Dealers could see at least three more years of scarcity for vehicles 3 years old and younger because of the decline in new-vehicle production that started in 2020, Cox Automotive Chief Economist Jonathan Smoke told Automotive News last month.

Direct acquisition strategies, such as buying centers, are increasingly being adopted by dealers. Since 2019, Germain Motor Co. has opened 10 such centers dedicated solely to buying used vehicles directly from customers, slashing the company’s reliance on vehicles purchased at auctions, which made up about half of its used-vehicle inventory five years ago.

Wallace estimated 25 percent of the used vehicles his group retails are now coming from auctions. A decade ago, that figure was closer to 50 percent, he said.

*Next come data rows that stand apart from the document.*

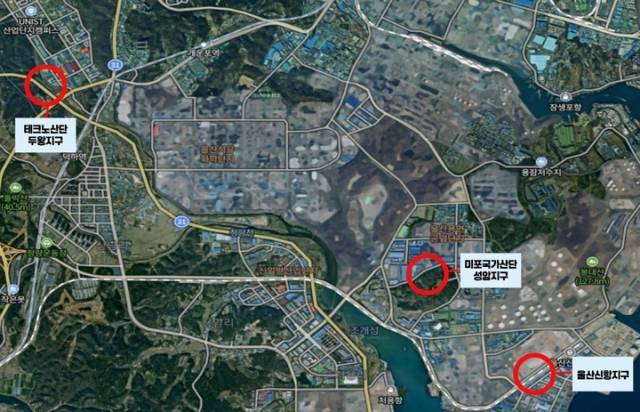 울산 남구 기후대응 도시숲 조성사업 위치도. 울산시 남구 제공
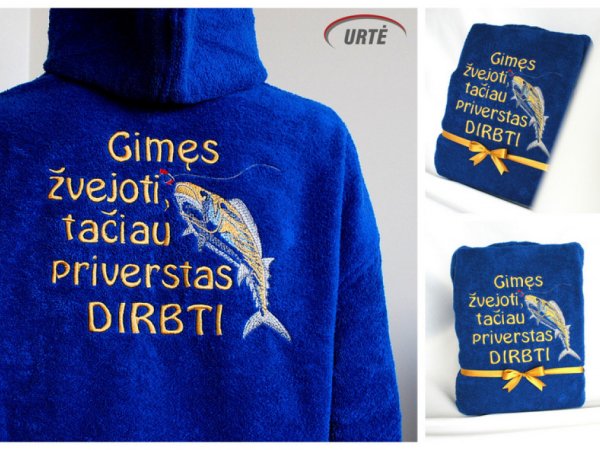 Dovana žvejui - siuvinėtas chalatas 2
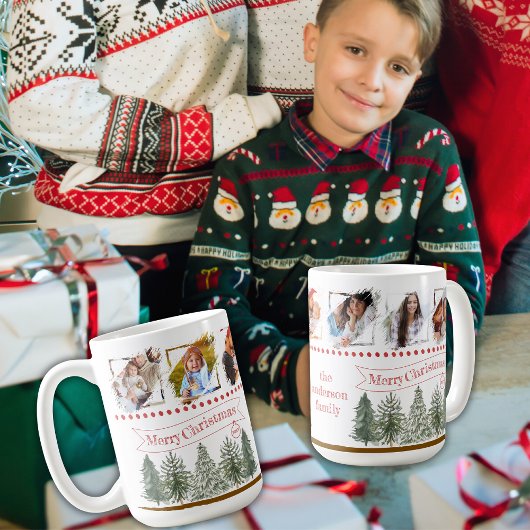 家族の写真コラージヴィンテージエレガントクリスマス コーヒーマグカップ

“There’s no question that the auctions are supplying less and less to all the retailers,” Wallace said. “We hear that from the auctioneers themselves; we hear it from our buyers.”

Wholesale used-vehicle prices declined through the summer, but retail prices at dealerships have mostly remained elevated.

That could change rapidly as autumn progresses, Smoke said, predicting that dealers will likely reduce retail prices to move aging inventory as they do not want to record losses on vehicles purchased at higher wholesale prices earlier in 2022.